═════ DATA EXTRACTS
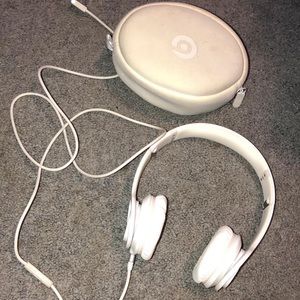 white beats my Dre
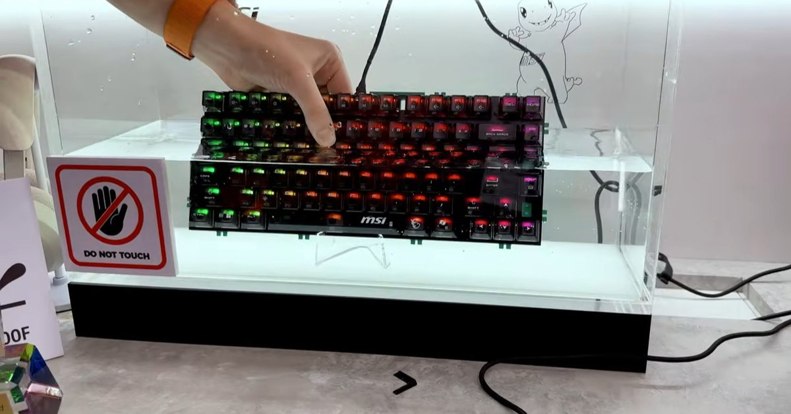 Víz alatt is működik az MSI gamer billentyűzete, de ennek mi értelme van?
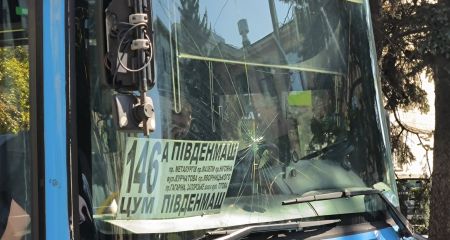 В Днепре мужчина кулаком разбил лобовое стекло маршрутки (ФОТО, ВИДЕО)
══════════
═════ DATA EXTRACTS
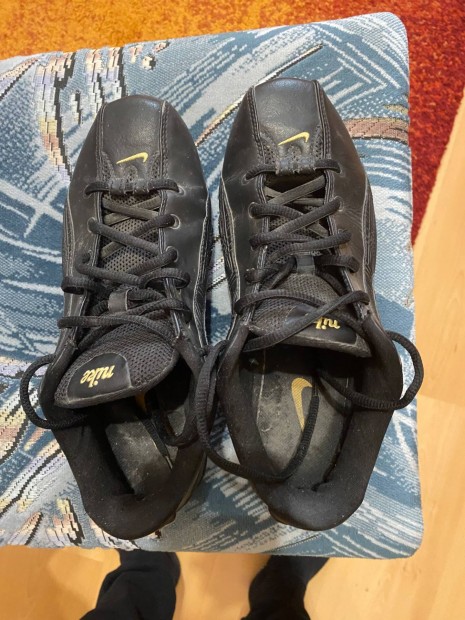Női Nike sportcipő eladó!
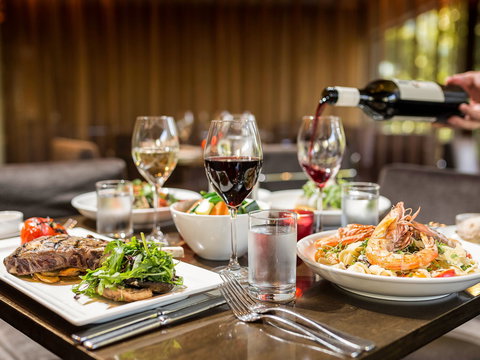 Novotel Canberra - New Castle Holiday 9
══════════
• **WHAT IS BEING ASKED**
Using the listing above, reproduce word for word every line from the one containing "white beats my Dre" through the one containing "В Днепре мужчина". Pictures must be left out.

• **RESPONSE TO THIS EXERCISE**
 white beats my Dre
 Víz alatt is működik az MSI gamer billentyűzete, de ennek mi értelme van?
 В Днепре мужчина кулаком разбил лобовое стекло маршрутки (ФОТО, ВИДЕО)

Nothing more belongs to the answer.